Emma has another frustration: If the methadone clinic isn’t allowing gatherings, why is she still required to show up daily and wait in line for her dose of the pink liquid medication?
The answer is in tangled rules regarding methadone dispensing. The federal government has loosened them during the pandemic — so that patients don’t all have to make a daily trip to the methadone clinic, even if they are sick. But patients say clinics have been slow to adopt the new rules.
Mark Parrino, president of the American Association for the Treatment of Opioid Dependence, explains that he issued guidelines to members late last week about how to operate during pandemics. He recommends clinics stop collecting urine samples to test for drug use. Many patients can now get a 14- to 28-day supply of their addiction treatment medication so they can reduce the number of trips they have to make to methadone or buprenorphine clinics.
“But there has to be caution about giving significant take-home medication to patients who are clinically unstable or actively still using other drugs,” Parrino says, “because that could lead to more problems.”
The new rules do have a downside for clinics: Programs will lose money during the pandemic as fewer patients make daily visits, although Medicare and some other providers are adjusting reimbursements based on the new stay-at-home guidelines.
And for active drug users, being alone when taking high levels of opioids increases the risk of a fatal overdose.

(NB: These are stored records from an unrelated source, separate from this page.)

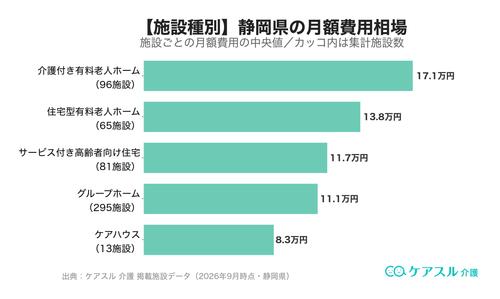 静岡県の施設種別ごとの月額費用相場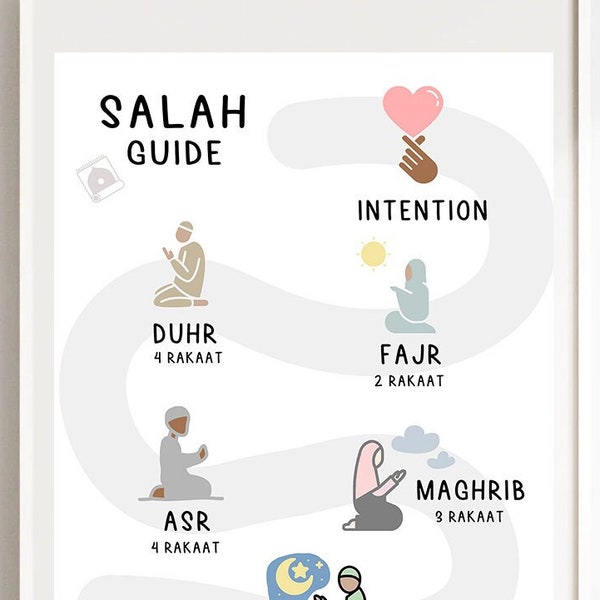 Salah Guide | Salah and Rakaat | Islamic Kids Poster | Nursery Digital Print | Montessori Islamic | Learn Islam | Daily Salah | Teach Islam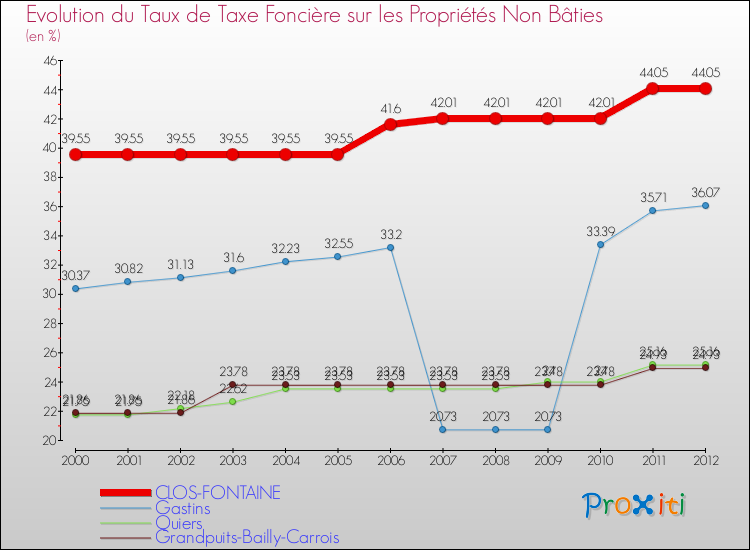 Evolution du taux de la taxe foncière sur les immeubles et terrains non batis pour CLOS-FONTAINE et les communes proches de 2000 à 2012 Comparaison des taux de la taxe foncière sur les immeubles et terrains non batis pour CLOS-FONTAINE et les communes voisines de 2000 à 2012
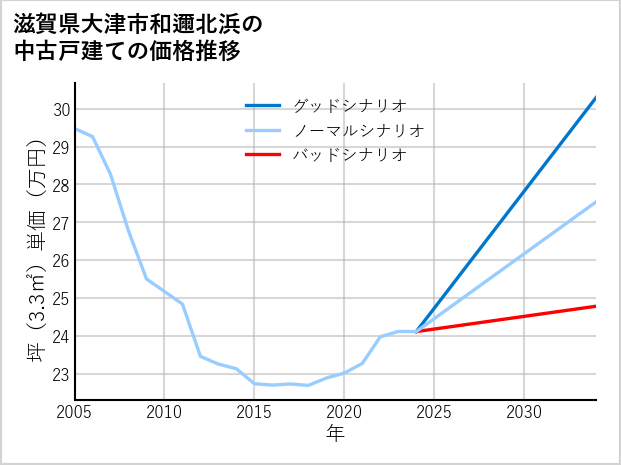 滋賀県大津市和邇北浜の中古戸建て価格推移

These are just some of the challenges that emerge as the public health crisis of addiction collides with the global pandemic of COVID-19. Doctors worry deaths will escalate unless people struggling with excessive drug and alcohol use and those in recovery — as well as addiction treatment programs — quickly change the way they do business.
But treatment options are becoming even more scarce during the pandemic.
“It’s shutting down everything,” says John, a homeless man who’s wandering the streets of Boston while he waits for a detox bed. We aren’t including John’s last name because he still buys illegal drugs. “Detoxes are closing their doors and half-way houses,” he says. “It’s really affecting people getting help.”